Chapter 4: Introduction to Second-generation (WS-*) Web services technologies

– Tutorials covering:
– WS-Coordination
– WS-Transaction
– BPEL
– WS-Security
– WS-ReliableMessaging
– WS-Policy
– WS-Attachments

 

Part II: Integrating Technology

Part II confines the scope of topics to single application environments in order to focus on strategies for integrating technology within application tiers. Integration issues relating to XML and Web services are separated, allowing XML strategies to be used independently of service-oriented environments.

Chapter 5: Integrating XML into applications
Chapter 6: Integrating Web services into applications
Chapter 7: Integrating XML and databases

Chapter 5: Integrating XML into applications

The scope of this chapter is the integration of core XML technologies with the purpose of establishing a fundamental data management architecture. Numerous strategies for addressing common integration issues are provided, organized according to the functional areas most likely to be affected by the integration, as follows:
– XML data representation strategies for conceptually and technically incorporating XML as a data representation format and delivery mechanism
– XML data validation strategies that explore the utilization of schema definitions, with an emphasis on XSD- an XML schema administration process that highlights the importance of centralizing ownership of XML schema definitions
– XML transformation strategies that cover the integration of XSLT for structural and aesthetic transformation of XML documents>
– XML data querying strategies that position XQuery as a technology to centralize and abstract data access login

Chapter 6: Integrating Web services into applications

Here we focus on fundamental design concepts that allow you to establish a foundation for a service-oriented architecture, and prepare an application for future interoperability. The scope of this chapter, therefore, is limited to the integration of Web services technology within application environments.

The following service models are established:
– utility services
– business services
– controller services

These following modeling processes are then described:
– modeling service-oriented component classes
– modeling Web service interfaces

A collection of integration and optimization strategies are provided next, addressing the use of service assemblies, Web services performance, and interface design.

Chapter 7: Integrating XML and databases

XML opens up a whole new world of data modeling that contrasts traditional approaches to structuring and defining schemas. This chapter is dedicated to exploring techniques for integrating the hierarchical structure of XML documents with traditional relational repositories. Since this is a common area for which knowledge and resources typically are limited, we explore issues with more syntactical detail than in other chapters.
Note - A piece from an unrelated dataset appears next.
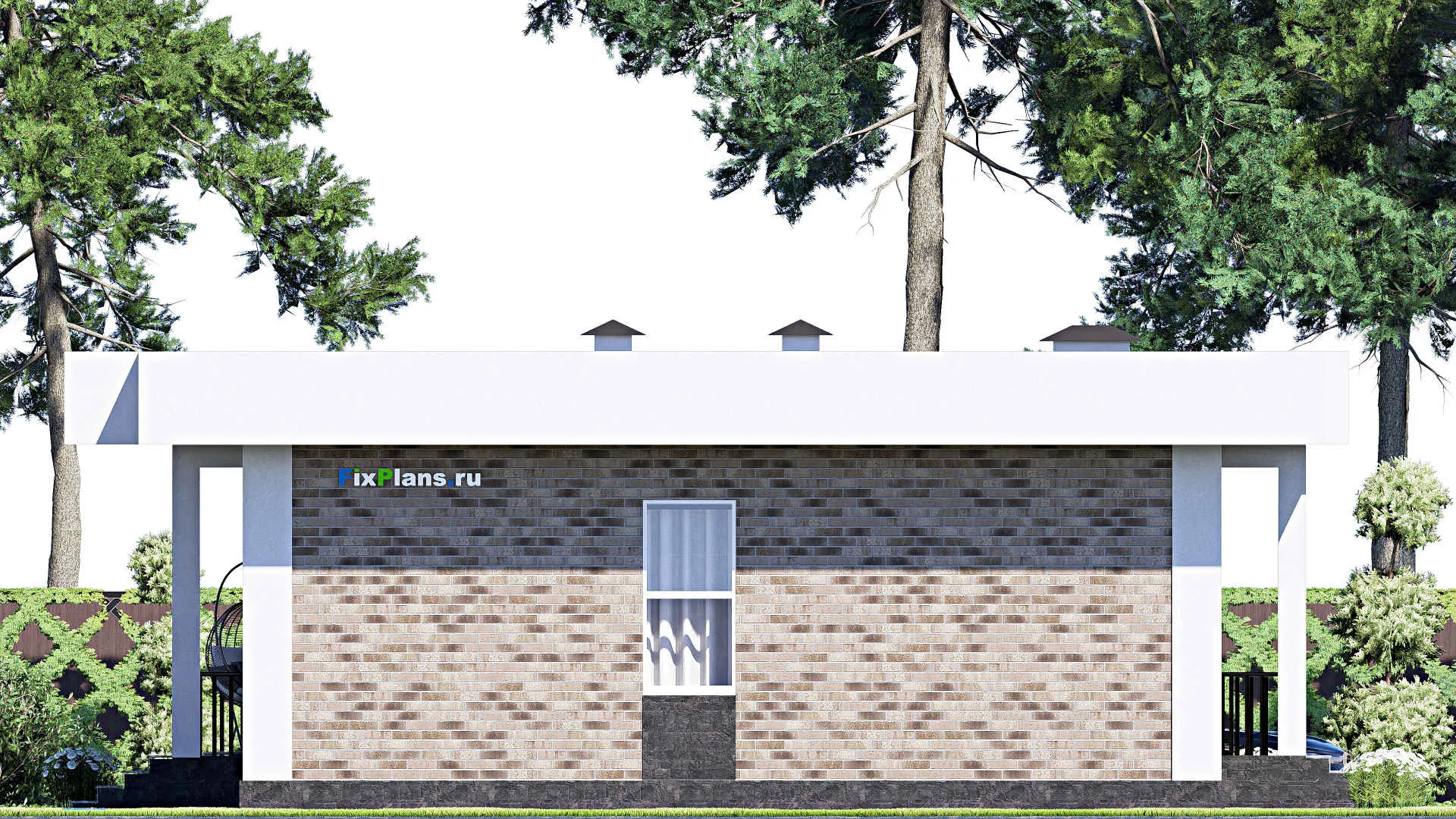 F-12446 - План одноэтажного дома 13 на 15, площадью 130 м² с террасой и 3 спальнями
First we compare XML and relational databases in order to establish their fundamental differences and to contrast how each platform relates to and manages data. Next, the basics of data mapping are covered, as well as issues relating to performance and platform disparity. We then get into the details of mapping the hierarchical XML data model to relational databases.

Finally, we take a look at the common ways in which current database products support XML through the use of proprietary extensions. The implications of using these extensions, along with some techniques on how to mitigate their impact, also are provided. This chapter concludes with an overview of native XML databases.

 

Part III: Integrating Applications

We now carry the discussion forward into the realm of application integration. The chapters in Part III are almost entirely centered around the use of Web services, as numerous traditional and service-oriented integration scenarios are explored and contrasted. Figure 1.3 illustrates the scope of Part III chapters, as they relate to application tiers.

Chapter 8: The mechanics of application integration
Chapter 9: Service-oriented architectures for legacy integration
Chapter 10: Service-oriented architectures for enterprise integration
Chapter 11: Service-oriented integration strategies

Chapter 8: The mechanics of application integration

Fundamental integration concepts are introduced, and the differences between traditional and contemporary application integration architectures are discussed. This chapter is more of a primer for cross-application integration, as it also provides a guide to middleware products, and explores common paths for evolving an enterprise integration environment.

 

 

Chapter 9: Service-oriented architectures for legacy integration

Here we dive into the multi-varied world of legacy integration architectures. We begin by describing the following set of services models:
– proxy services
– wrapper services
– coordination services (for atomic transactions)

We then explain the roles of common integration components, including:
– legacy adapters
– intermediary services
– service interceptors

Many legacy integration architectures are then explored. Each of the following sections separately illustrates an integration architecture in a traditional and service-oriented state:
– one-way integration architecture: batch export and import
– one-way integration architecture: direct data access
– point-to-point architecture: tightly-coupled integration between homogenous legacy applications
– point-to-point architecture: tightly-coupled integration between heterogeneous applications
– point-to-point architecture: integration between homogenous component-based applications
– point-to-point architecture: integration between heterogeneous component-based applications
– centralized database architecture

These sections are supplemented further with architectural comparison matrices that contrast key architectural aspects within traditional and service-oriented contexts. The chapter concludes with an analysis process for assessing the feasibility of introducing service-oriented design principles within legacy architectures.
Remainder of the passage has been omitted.